● Task item
Precise copying is required. Return the data below in full.

● Data provided
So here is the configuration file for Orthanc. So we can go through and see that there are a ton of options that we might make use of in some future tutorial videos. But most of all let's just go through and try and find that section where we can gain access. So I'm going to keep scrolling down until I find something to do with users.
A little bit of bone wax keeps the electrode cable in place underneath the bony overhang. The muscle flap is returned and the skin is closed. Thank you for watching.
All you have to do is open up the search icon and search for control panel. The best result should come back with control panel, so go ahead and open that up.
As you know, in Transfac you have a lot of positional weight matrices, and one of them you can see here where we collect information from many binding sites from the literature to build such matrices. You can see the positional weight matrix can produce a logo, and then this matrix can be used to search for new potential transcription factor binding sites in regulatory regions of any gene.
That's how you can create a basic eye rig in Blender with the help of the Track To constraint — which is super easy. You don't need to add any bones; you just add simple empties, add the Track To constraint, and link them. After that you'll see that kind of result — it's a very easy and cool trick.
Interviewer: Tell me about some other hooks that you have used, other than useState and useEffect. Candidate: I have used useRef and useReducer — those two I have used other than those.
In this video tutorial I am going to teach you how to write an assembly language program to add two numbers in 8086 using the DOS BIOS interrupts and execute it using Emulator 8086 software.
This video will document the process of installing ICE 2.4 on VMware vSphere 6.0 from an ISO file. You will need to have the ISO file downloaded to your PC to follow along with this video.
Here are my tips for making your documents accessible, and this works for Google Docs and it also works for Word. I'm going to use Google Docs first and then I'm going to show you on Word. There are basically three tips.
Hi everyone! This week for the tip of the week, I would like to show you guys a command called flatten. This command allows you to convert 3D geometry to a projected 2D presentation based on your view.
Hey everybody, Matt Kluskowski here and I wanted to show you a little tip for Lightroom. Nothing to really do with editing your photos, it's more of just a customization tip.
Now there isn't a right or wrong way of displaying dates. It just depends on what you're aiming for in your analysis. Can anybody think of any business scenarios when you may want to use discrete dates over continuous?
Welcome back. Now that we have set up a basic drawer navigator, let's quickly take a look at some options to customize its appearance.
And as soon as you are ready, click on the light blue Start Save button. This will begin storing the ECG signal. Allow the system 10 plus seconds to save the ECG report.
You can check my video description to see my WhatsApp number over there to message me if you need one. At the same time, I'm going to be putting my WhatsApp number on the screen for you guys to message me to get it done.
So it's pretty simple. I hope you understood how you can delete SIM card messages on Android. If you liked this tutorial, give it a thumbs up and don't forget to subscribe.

● Task solution
So here is the configuration file for Orthanc. So we can go through and see that there are a ton of options that we might make use of in some future tutorial videos. But most of all let's just go through and try and find that section where we can gain access. So I'm going to keep scrolling down until I find something to do with users.
A little bit of bone wax keeps the electrode cable in place underneath the bony overhang. The muscle flap is returned and the skin is closed. Thank you for watching.
All you have to do is open up the search icon and search for control panel. The best result should come back with control panel, so go ahead and open that up.
As you know, in Transfac you have a lot of positional weight matrices, and one of them you can see here where we collect information from many binding sites from the literature to build such matrices. You can see the positional weight matrix can produce a logo, and then this matrix can be used to search for new potential transcription factor binding sites in regulatory regions of any gene.
That's how you can create a basic eye rig in Blender with the help of the Track To constraint — which is super easy. You don't need to add any bones; you just add simple empties, add the Track To constraint, and link them. After that you'll see that kind of result — it's a very easy and cool trick.
Interviewer: Tell me about some other hooks that you have used, other than useState and useEffect. Candidate: I have used useRef and useReducer — those two I have used other than those.
In this video tutorial I am going to teach you how to write an assembly language program to add two numbers in 8086 using the DOS BIOS interrupts and execute it using Emulator 8086 software.
This video will document the process of installing ICE 2.4 on VMware vSphere 6.0 from an ISO file. You will need to have the ISO file downloaded to your PC to follow along with this video.
Here are my tips for making your documents accessible, and this works for Google Docs and it also works for Word. I'm going to use Google Docs first and then I'm going to show you on Word. There are basically three tips.
Hi everyone! This week for the tip of the week, I would like to show you guys a command called flatten. This command allows you to convert 3D geometry to a projected 2D presentation based on your view.
Hey everybody, Matt Kluskowski here and I wanted to show you a little tip for Lightroom. Nothing to really do with editing your photos, it's more of just a customization tip.
Now there isn't a right or wrong way of displaying dates. It just depends on what you're aiming for in your analysis. Can anybody think of any business scenarios when you may want to use discrete dates over continuous?
Welcome back. Now that we have set up a basic drawer navigator, let's quickly take a look at some options to customize its appearance.
And as soon as you are ready, click on the light blue Start Save button. This will begin storing the ECG signal. Allow the system 10 plus seconds to save the ECG report.
You can check my video description to see my WhatsApp number over there to message me if you need one. At the same time, I'm going to be putting my WhatsApp number on the screen for you guys to message me to get it done.
So it's pretty simple. I hope you understood how you can delete SIM card messages on Android. If you liked this tutorial, give it a thumbs up and don't forget to subscribe.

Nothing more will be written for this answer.